Colo. hits pot sellers with fines, closure orders


DENVER — State marijuana enforcers have levied tens of thousands of dollars in fines and even banned several people from selling legal pot for a decade, records obtained by KUSA-TV and USA TODAY show.

Legal marijuana growers and sellers are subject to strict regulations if they want to keep their state licenses, and surprise inspections by Colorado Marijuana Enforcement Division have caught dozens of store owners breaking the rules. In some cases, stores were ordered to shut down and had their marijuana destroyed.

Some of the violations found by the state are mundane: the wrong kind of door locks or poorly positioned security cameras. Others were much more significant. In several cases, state inspectors — who are sworn law enforcement officers — found unlicensed — and therefore illegal — grow operations. At other stores, they found workers selling marijuana that had never been entered into the state’s mandatory tracking system.

In the wake of an audit finding lax oversight of medical marijuana companies, Colorado’s Marijuana Enforcement Division has beefed up its full-time staff to 55.

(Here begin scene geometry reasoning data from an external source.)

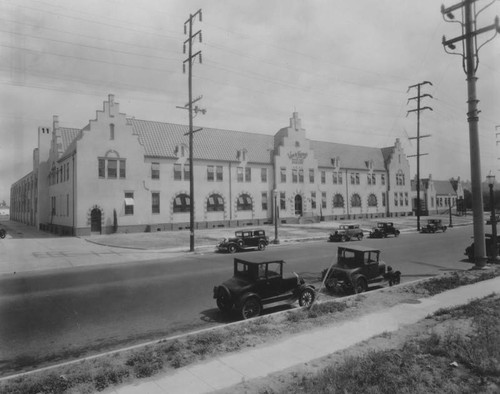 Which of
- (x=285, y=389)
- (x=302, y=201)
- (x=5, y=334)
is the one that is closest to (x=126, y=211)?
(x=302, y=201)

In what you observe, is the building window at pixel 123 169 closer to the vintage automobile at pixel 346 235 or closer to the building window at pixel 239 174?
the building window at pixel 239 174

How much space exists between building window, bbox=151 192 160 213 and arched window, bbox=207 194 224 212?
6.44 meters

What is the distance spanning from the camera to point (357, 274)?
40.3 ft

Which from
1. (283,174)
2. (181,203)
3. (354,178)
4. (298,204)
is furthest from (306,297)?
(354,178)

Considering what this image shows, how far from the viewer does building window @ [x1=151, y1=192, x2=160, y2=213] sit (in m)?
39.4

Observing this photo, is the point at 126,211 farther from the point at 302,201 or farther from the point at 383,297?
the point at 383,297

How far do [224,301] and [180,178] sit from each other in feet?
108

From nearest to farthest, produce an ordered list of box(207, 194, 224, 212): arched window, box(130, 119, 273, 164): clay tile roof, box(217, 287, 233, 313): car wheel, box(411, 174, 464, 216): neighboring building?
box(217, 287, 233, 313): car wheel < box(130, 119, 273, 164): clay tile roof < box(207, 194, 224, 212): arched window < box(411, 174, 464, 216): neighboring building

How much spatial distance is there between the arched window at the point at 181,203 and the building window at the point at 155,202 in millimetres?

“Twenty-nine of those employees are sworn police officers who do investigative work out in the field,” said Lewis Koski, who heads the division. “Largely their work is focused on conducting inspections.”

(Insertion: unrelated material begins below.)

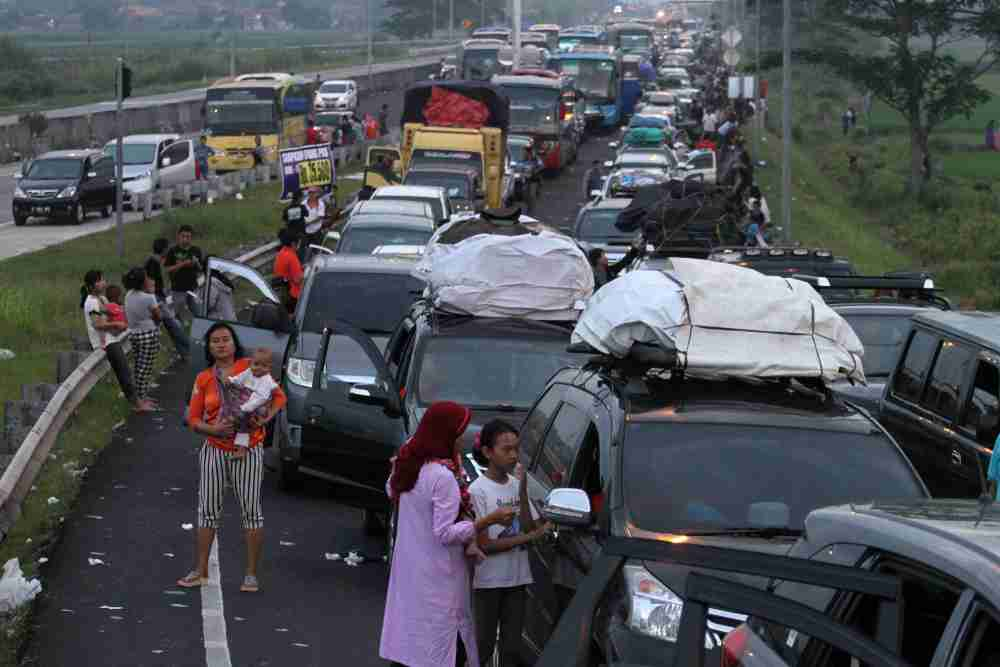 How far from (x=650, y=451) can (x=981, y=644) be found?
4.17m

In Denver, they ordered the owners of several interconnected marijuana stores to stay out of the industry for 10 years, and ordered the couple to pay a $30,000 fine to settle allegations they violated the rules. And they also yanked the licenses of Luis and Gerardo Uribe, brothers whose medical marijuana stores were raided by federal officers last fall and accused of running a massive money-laundering operation. In their reports, state inspectors said the Uribes’ medical marijuana stores were selling pot outside of normal business hours, weren’t properly tracking who they sold it to, and had more marijuana than they could legally account for.

In Pueblo, state inspectors summarily suspended the license of a store for failing to track its sales, having uncalibrated scales, building illegal greenhouses (and showing them on Facebook) and failing to disclose what kinds of chemicals were used to help grow the marijuana.

KUSA-TV and USA TODAY obtained the records as part of a broader investigation into how the state is using the vast amounts of data it’s collecting about Colorado’s legal marijuana market.

State marijuana enforcers say their work has focused on keeping marijuana off the black market, and keeping profits out of the hands of known criminals and international drug cartels. In one case, the state forced the co-owner of a Boulder marijuana store to sell his share to his partner because he hadn’t been paying his taxes.